** Problem details **
Copy out the listing below exactly, please, and skip any pictures.
***** Supplied material
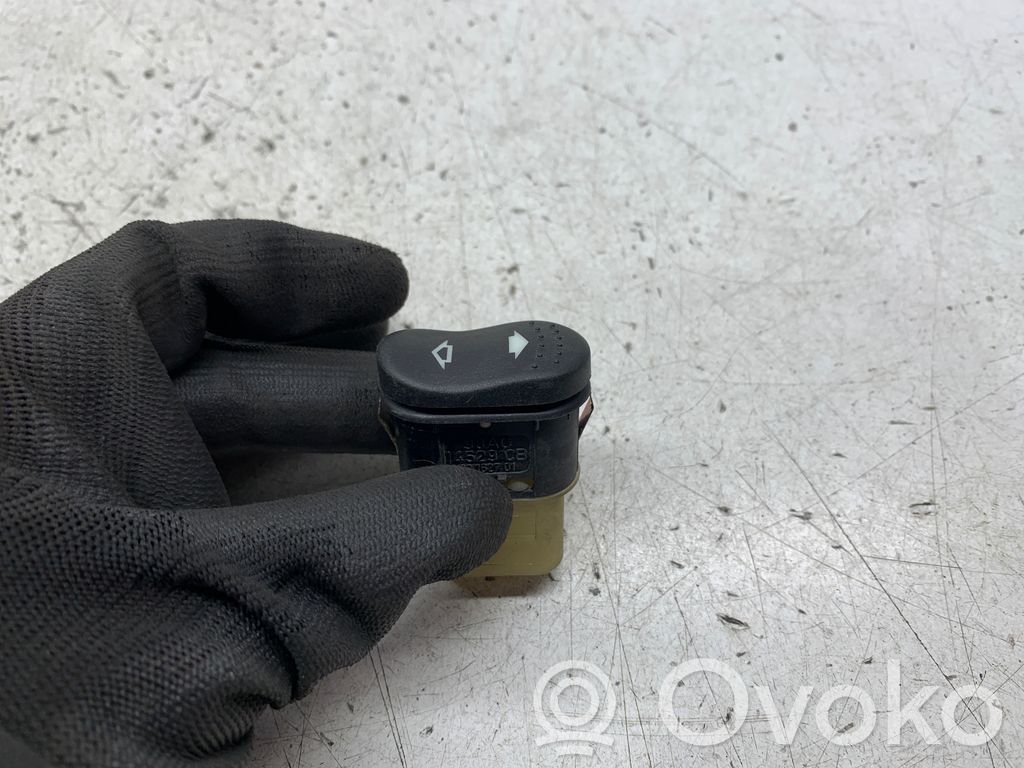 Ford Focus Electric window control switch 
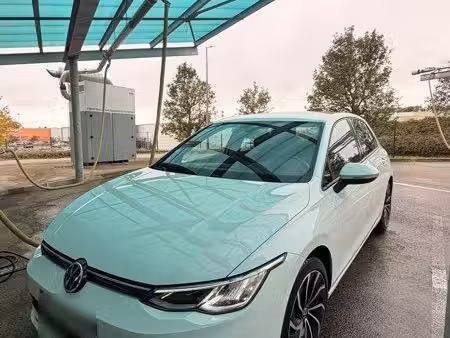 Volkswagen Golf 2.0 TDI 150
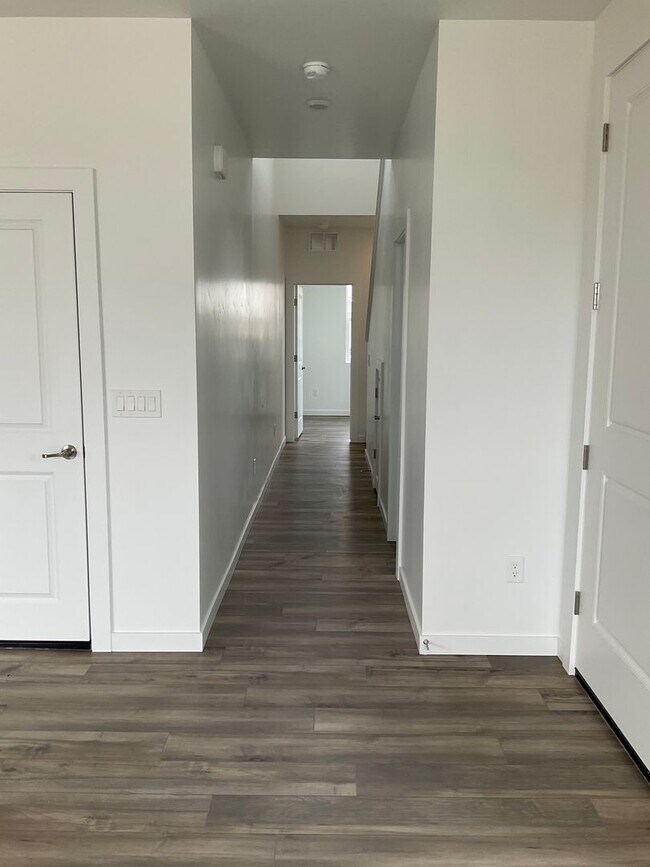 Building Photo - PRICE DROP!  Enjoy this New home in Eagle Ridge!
**********
** The answer **
 Ford Focus Electric window control switch 
 Volkswagen Golf 2.0 TDI 150
 Building Photo - PRICE DROP!  Enjoy this New home in Eagle Ridge!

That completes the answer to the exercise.